Unleashing dogs of war in Iraq has changed rules of engagement
NON-military security support is growing worldwide and the privatisation of war is becoming a popular theme after the Iraq conflict.
“The fact of the matter is that war will be privatised,” maintains a mercenary veteran of one of the Congo campaigns and of the calamitous, mercenary-led attempt to overthrow the Seychelles government in 1981.
“It’s not a question of ‘if’, but of ‘when’. More mercenary intervention happens in many trouble spots worldwide than is ever reported, much of it sponsored by seemingly innocent governments,” he says.
The octogenarian survivor of two Wild Geese expeditions declined to be identified because “you never break the skyline, no matter what”. Now whiling away his twilight years in his B&B and village pub in bucolic England, he reminisces on what it meant to fight other people’s battles.
“It’s like any other war,” he says, “except that you get paid better for fighting in it. It’s also tougher than any other army — strict discipline, relentless training and as dangerous as hell. Don’t expect the cavalry, because there is none.”
With so many paid-private soldiers, South Africa makes a good case study of whether or not police or the military should be government employees, but rather privateers, as they were known in the days when pirates sailed under the Jolly Roger flag.
Not only in South Africa is such privatisation of the fighting man gaining traction. Slowly and stealthily the fight is being taken into battlefields adorned not with national flags, but under the banners of private security firms.
Thehistoryofwar.com says the Seychelles episode illustrates how governments often sought to use mercenaries to carry out their goals with little risk of being incriminated, and points to the then-South African government letting the Seychelles-bound dogs of war off the leash.
“The conditions that allow such soldiers of fortune to thrive and operate not only still exist but are on the increase as the situation in Iraq and Afghanistan shows. Many of those listed as civilian contractors are in fact mercenaries and as the allied forces reduce their presence, such private armies are on the increase,” the website says.

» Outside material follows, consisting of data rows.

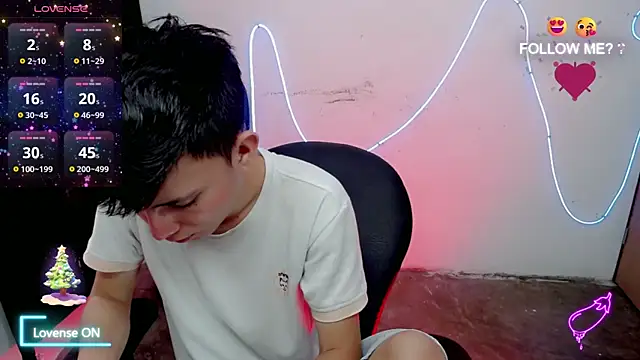 Snapshot of Alexxx_lov chatting on 18, 12, 2025 Alexxx lov online show from 18, 12, 2025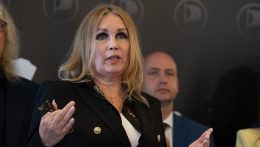 Zuzana Šubová, a Szlovákiai Kalózpárt politikusának házában intézkedett a rendőrség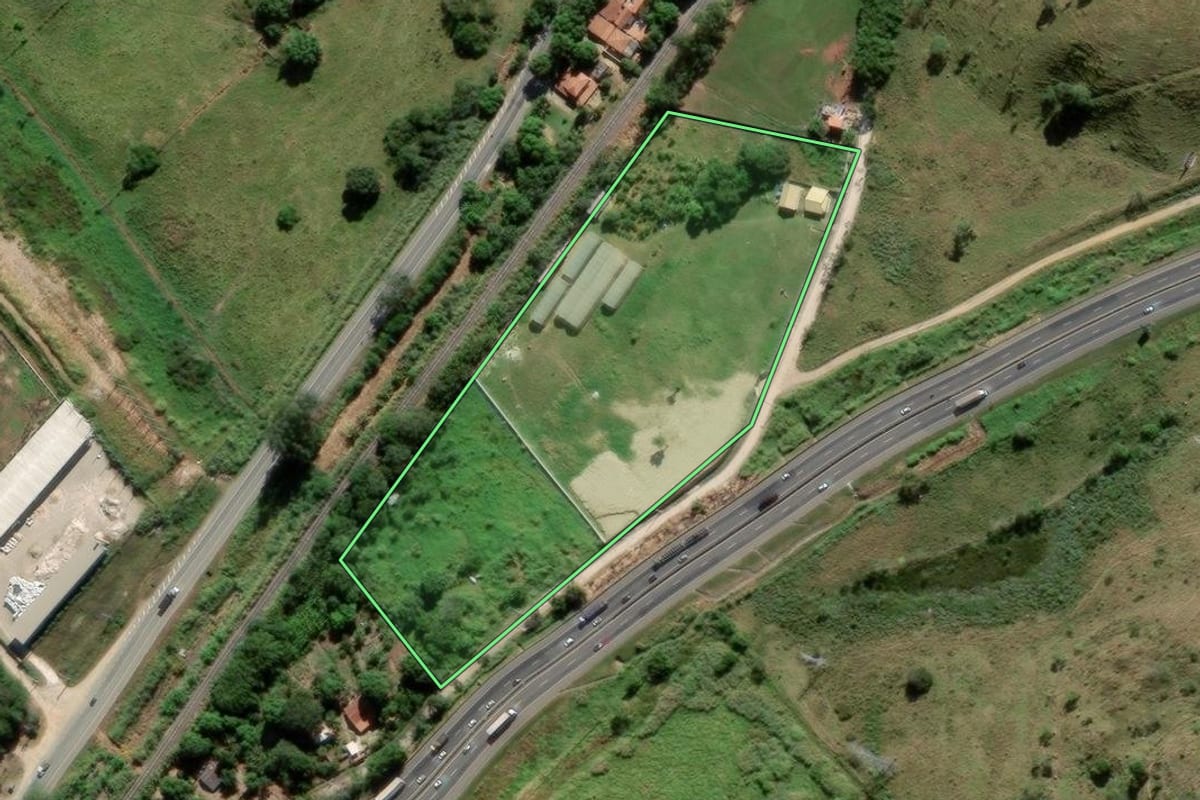 Imagem de satélite do imóvel rural em Roseira (SP), com o contorno declarado no CAR desenhado por cima.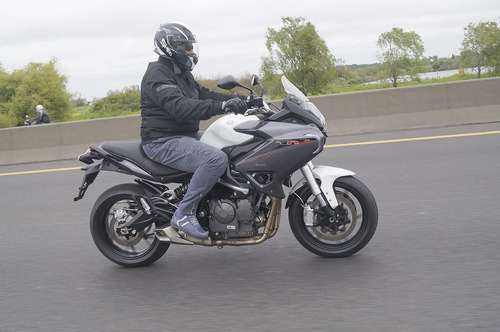 Imagen 6 de 15 de Benelli Tnt 600 Gt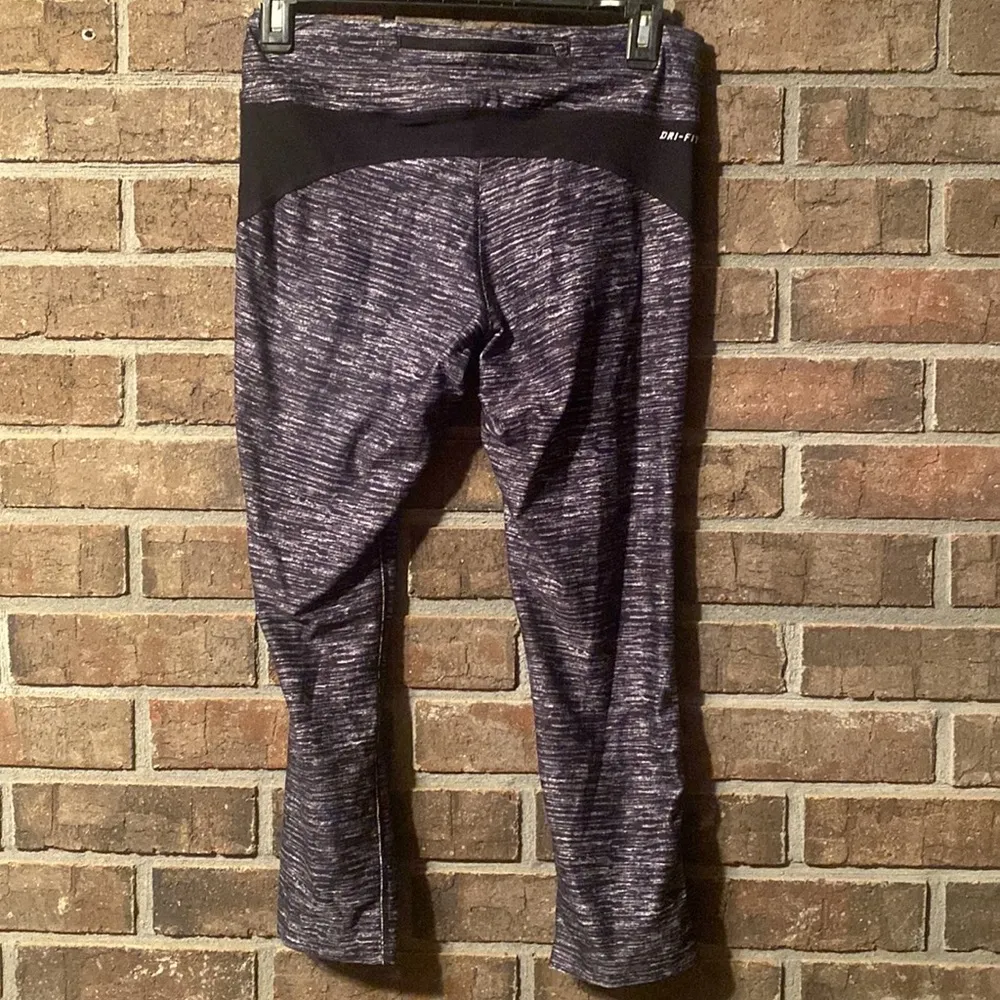 nike dri fit capris leggings size medium - Image 2
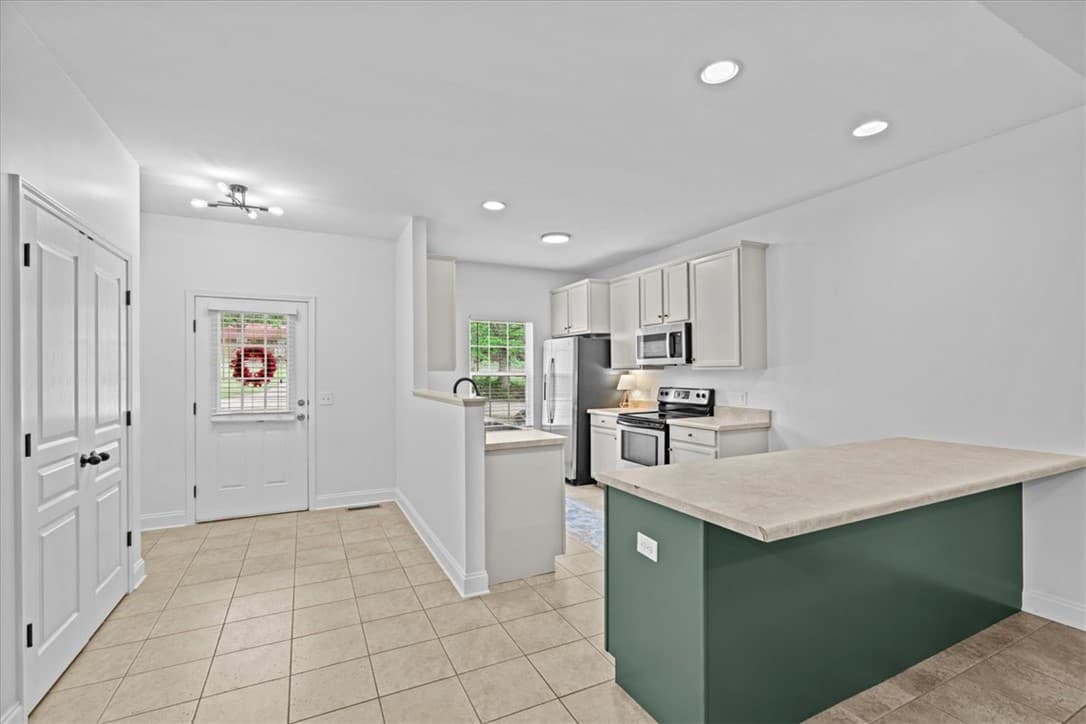 Property image 3 at 511 E Perkins Creek Road, Seneca, SC 29678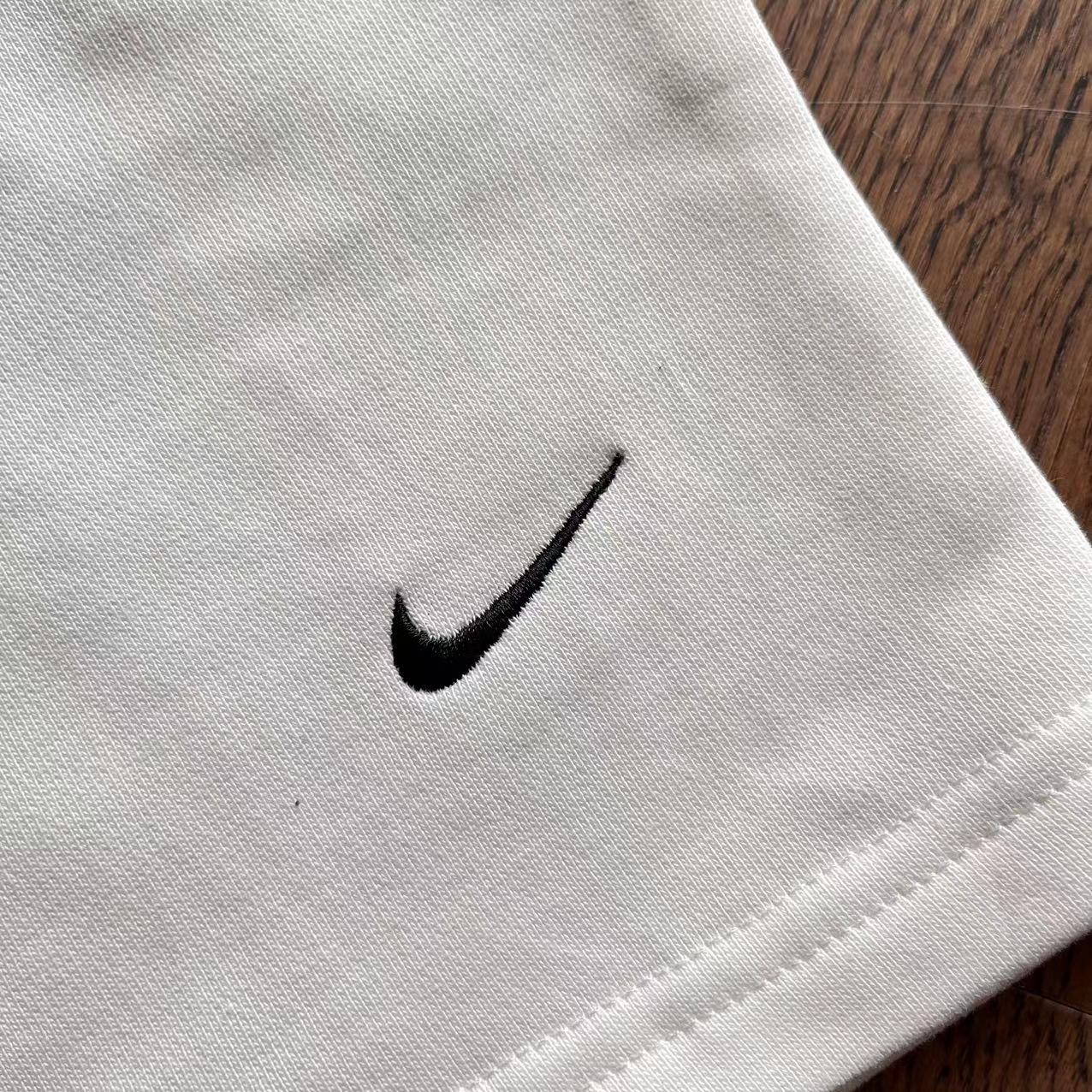 Pantaloncini Nike
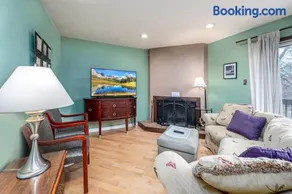 Modern 3BR Home Sleeps 5 Near UNC & Downtown - Image 1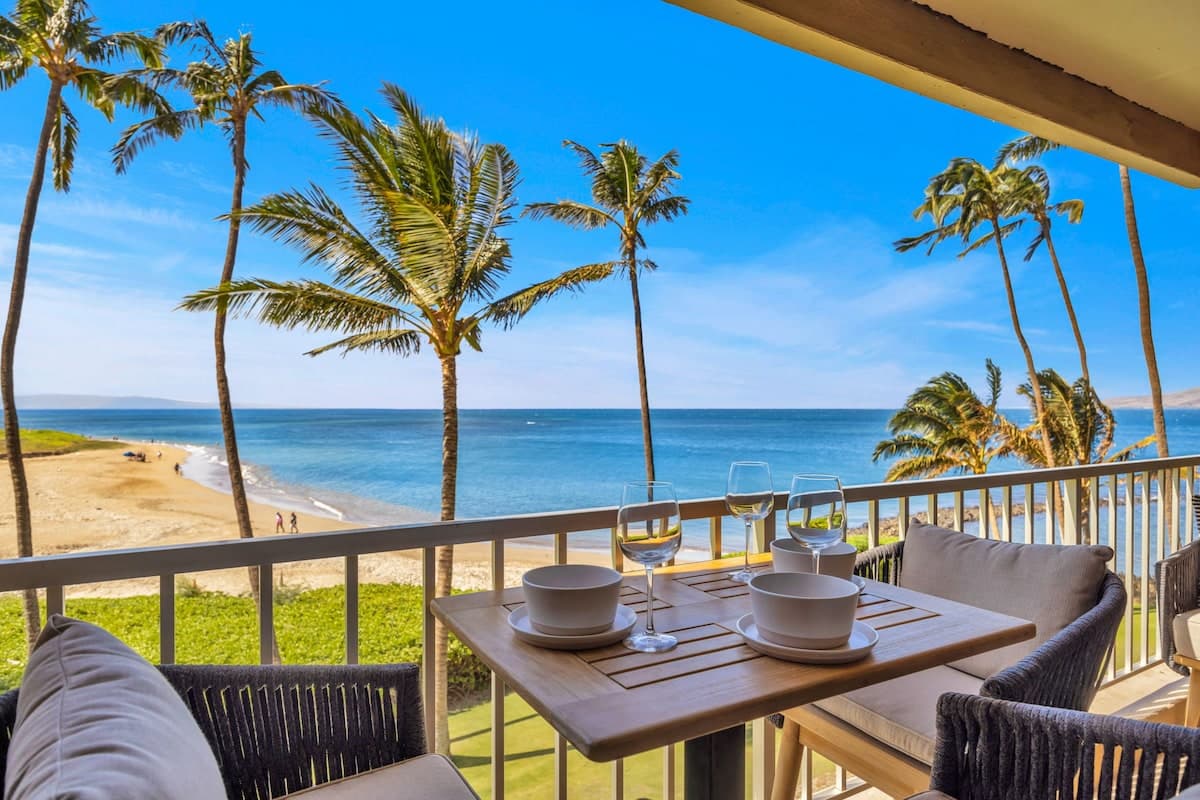 Condo in Kihei · ★4.82 · 2 bedrooms · 4 beds · 2 baths - Photo 2
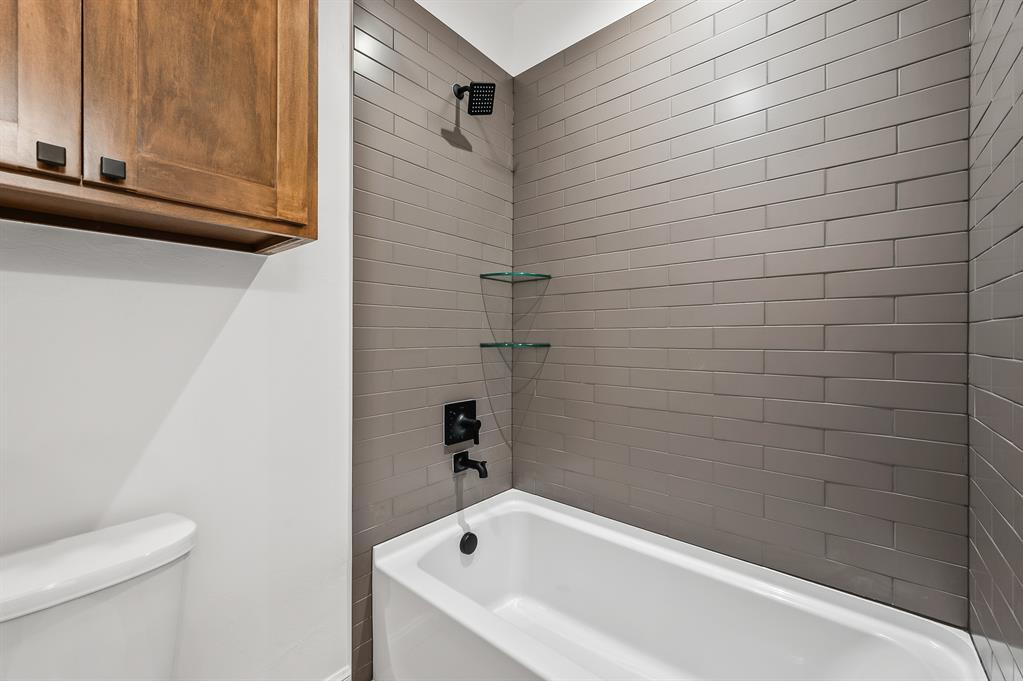 5705 NW 154th Terrace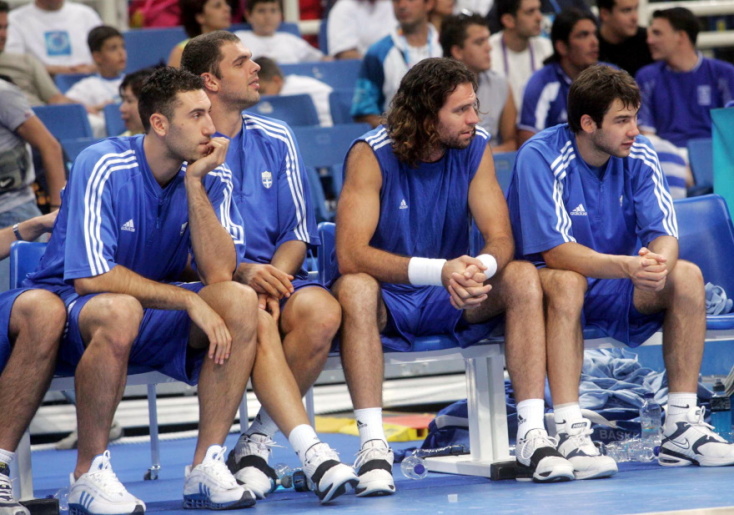 Ο Βασίλης Σπανούλης μαζί με τον Δήμο Ντικούδη, τον Δημήτρη Παπανικολάου και τον Φραγκίσκο Αλβέρτη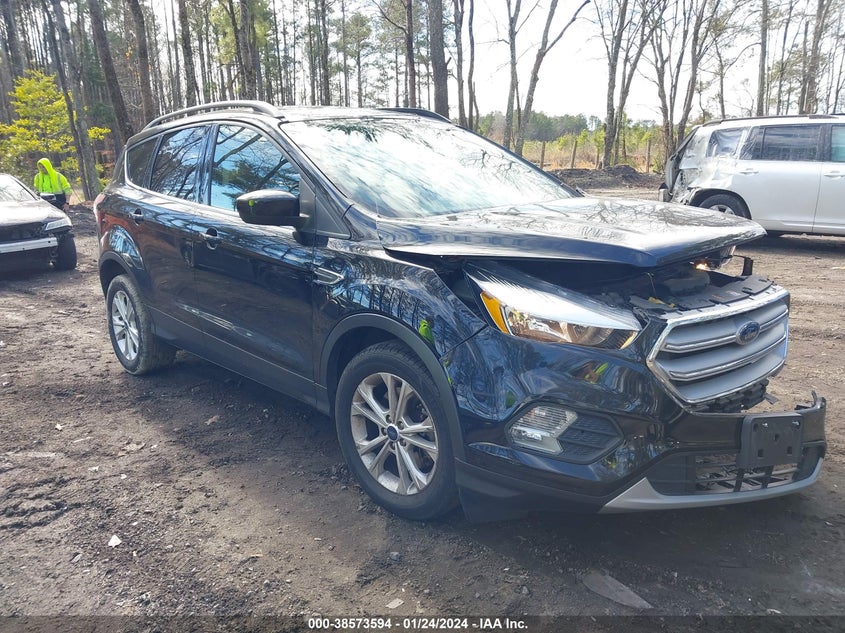 VIN 1FMCU9GD3JUA86943 2018 FORD ESCAPE SE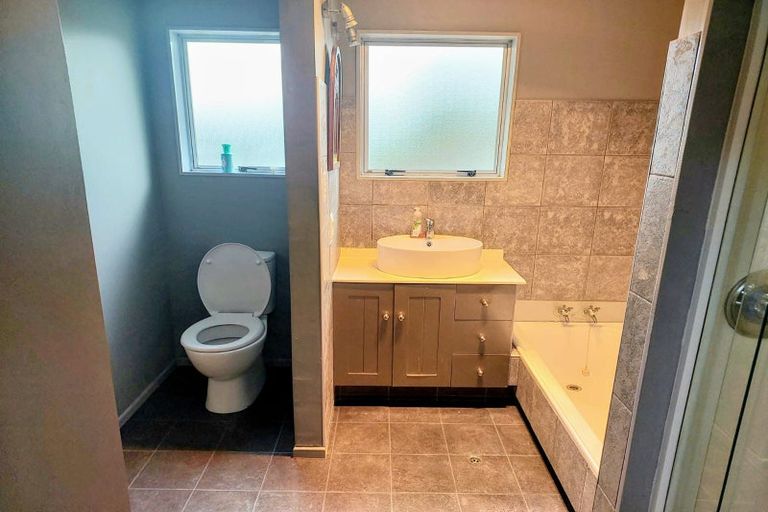 Photo of property in 14a Anaheim Place, Churton Park, Wellington, 6037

The United Nations Human Rights Council, in its Universal Periodic Review, says private military and security companies are “the modern reincarnation of a long lineage of private providers of physical force: corsairs, privateers and mercenaries. Those who are armed can easily switch from a passive-defensive to active-offensive role. They can commit human rights violations and destabilise governments. They cannot be considered soldiers or supporting militias under international humanitarian law, since they are not part of the army or in the chain of command and often belong to a large number of different nationalities.”
Is that what is bothering Police Minister Nathi Mthethwa in the face of South Africa’s rapidly growing (at about 20% a year) private army of security guards and other nongovernment officers of the peace and public safety?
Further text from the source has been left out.